OUR paradigm for a dying city is Detroit. People built cars there. They also designed cars, made parts for cars, advertised cars and collected scrap left over from the manufacture of cars. That is largely gone, and the city is a shadow of what it was. You could say the same thing about almost any manufacturing-based, rust-belt city: Flint, Buffalo, Erie, Youngstown, Cleveland. I wonder whether this recession may not do something similar, albeit on a smaller scale, to some of the service-based cities whose population boomed in the past 20 or 30 years (nb: when I say "I wonder" here I don't mean it as a pointless puff on my pondering pipe; I mean I actually do wonder, and this is more an unformed thought than a prediction). Like, for instance, my fair city of Atlanta. ...... All of which makes me wonder whether Atlanta is simply approaching a point beyond which it cannot efficiently grow. And it makes me wonder, too, at what point we will be able to say the same thing about, say, Phoenix, Charlotte, Las Vegas and other late-century boomtowns.

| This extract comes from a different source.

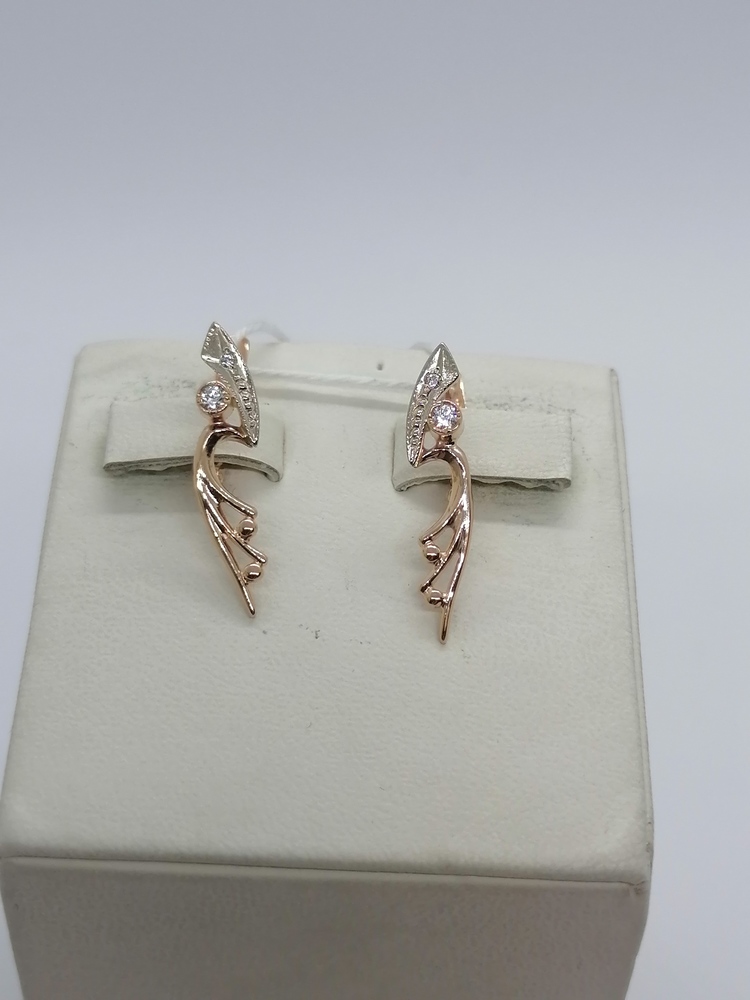 СКМИ585 СЕРЬГИ С КАМНЯМИ (Au 585)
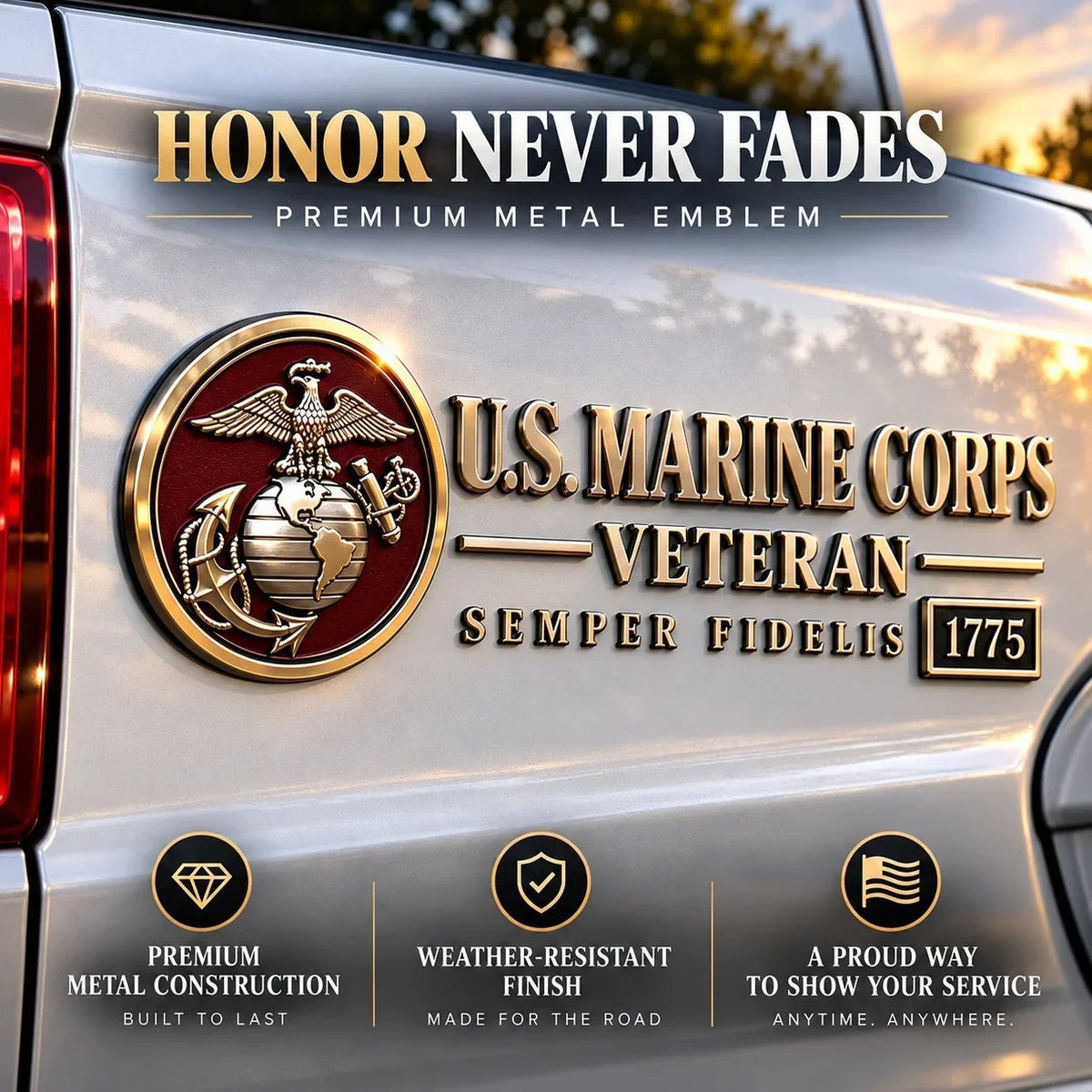 ⚓ U.S. Navy Veteran Metal Car Emblem - 3D Adhesive Vehicle Badge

The golden era of the listed dying cities was the early 20th century. The decline was noticeable in the wake of World War II. But the Rust Belt wasn't the Rust Belt until the 70s and 80s. The Great Recession for many manufacturing regions was the double whammy of the early 1980s, which spawned (salmon, of course) the Burgh Diaspora.
Consumption and real estate, along with the means to mitigate the climatic challenges, underwrote rise of the Sun Belt. I like to think of it as a migration economy. Stop the flow of people and the house of credit cards collapses. Geography is back with a vengeance. Time to embrace your inner Rust Belt refugee.